I heard voices that wanted to make me anxious and unsure, and that once I would have been all too willing to listen to. But something told me that there was nothing to be gained by anxiety, nothing to do but wait. I waited.
I form the dough, now smooth and elastic, into a ball and place it in a large bowl. Covering it with a damp cloth, I set it aside in a quiet, warm place. A couple of hours later, I uncover the bowl and find the dough has grown and changed. It no longer presses back against my finger, but is receptive and relaxed, ready to take on a new shape.

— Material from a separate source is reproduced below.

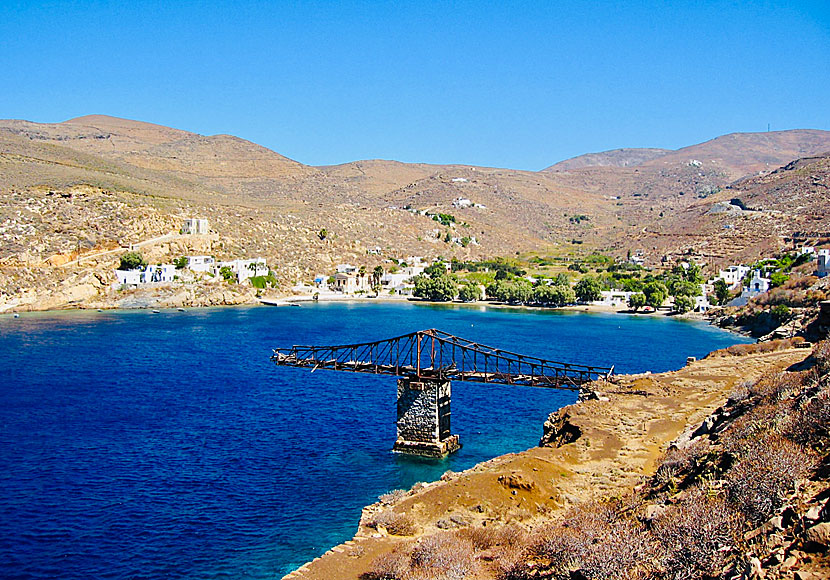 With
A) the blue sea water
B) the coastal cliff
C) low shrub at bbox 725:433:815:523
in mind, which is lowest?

At around seven months old, Brendan’s first tooth appeared. Shortly thereafter, he rolled over for the first time. From then on, his progress was steady: pulling up, sitting, crawling. He spent a long time trolling the edges of the room, holding on to the furniture. But having seen what had already happened, I knew this was no cause for concern. He was taking his time, and whatever time it took was right.
I shape the dough into a firm ball and again set it aside to grow and change. When it once more accepts the imprint of a finger, it is ready to go into the oven for a final, dramatic metamorphosis.
When Brendan took his first steps, he fell down — but he was laughing in delight. It wasn’t long before he was walking, not to mention running, galloping and climbing. The wisdom within him had brought about this miracle, without any instruction. And as I witnessed this, something in me had also changed. I had found that for all my preoccupation with my own accomplishments, there is something else that needs to come not from me but through me, that asks not only for hard work but also for holding back.
The baker does not create a loaf of bread. She brings together substances, supplies the strength of her hands, creates a warm and stable environment, and watches for the right moment to introduce something new. But without the invisible activity within the dough, all that work would be in vain. To be truly aware of this cannot but call forth our awe and gratitude.
The bread is done, the loaf golden and fragrant. We break it with thanks, and all the work, time, and energy it has consumed becomes part of us again, part of the cycle of life. The will to create gives rise to the capacity to create, endlessly.
I learned something from baking bread about how to be a mother, but the process went the other way too. Before I had Brendan, I tended to bake infrequently and hesitantly, fearing mistakes, needing recipes. Since having him, I have baked more and more often — about once a week now. It hasn’t always turned out as I would wish. There have been shapeless loaves and tasteless loaves, batches of dough that wouldn’t rise and batches that overflowed the pan.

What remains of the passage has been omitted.